Frequently, it turns out, if you are Robert Kelley, who directs a disoriented Viola (wearing a form-fitting white mini-dress adorned with a Laugh-In daisy) to stand beneath a cartoony, street-corner sign that reads “Haight” and “Ashbury” as she utters “What country is this?” Cue audience titters. Duke Orsino, who is meant to resemble Jimi Hendrix, lives in an “Auditorium” whose Peter Max-ish proscenium and Wes Wilson-inspired typeface are clearly intended to invoke the Fillmore. Get it?
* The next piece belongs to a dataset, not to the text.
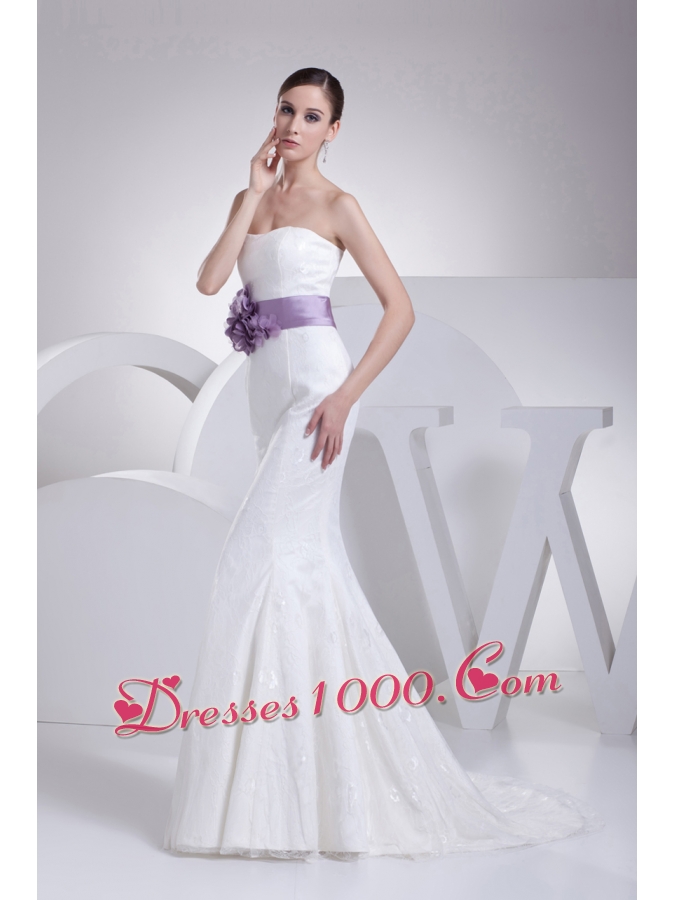 Mermaid Sash Strapless Lace Brush Train Wedding Dress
And then there’s Olivia’s uncle Toby, a good-natured and blustery old leech who swills bottles of Falstaff (hats off to the props team for THAT one) and entices Olivia’s hapless suitor, Andrew Aguecheek, with freshly rolled joints whenever the juxtaposition of Shakespeare’s words and cannabis seem destined to get a laugh. Which, invariably, they do.

It’s all in good fun, but the joke quickly wore thin for me, and not just because of the few minor visual goofs that distract from the company’s otherwise careful attention to detail (sorry, but the Grateful Dead logo on the conga drum dates from 1969, and I went to the high school where the phrase “420” was coined in 1971). So what’s my beef? Well, nothing all that important, I guess. Go see the thing. Get faced beforehand, if you like. It’ll probably make Allison Connor’s reference-riddled costumes all the richer, and Andrea Bechert’s sets even more like the eye candy they are intended to be.

On the other hand, and with all due respect to Connor and Bechert, whose work is truly brilliant, one is not supposed to leave a play humming the scenery, so maybe that’s what ultimately bugs me about Kelley’s Twelfth Night. There’s some pretty terrific acting happening up on that stage, but I found the pop-psychedelic setting distracting.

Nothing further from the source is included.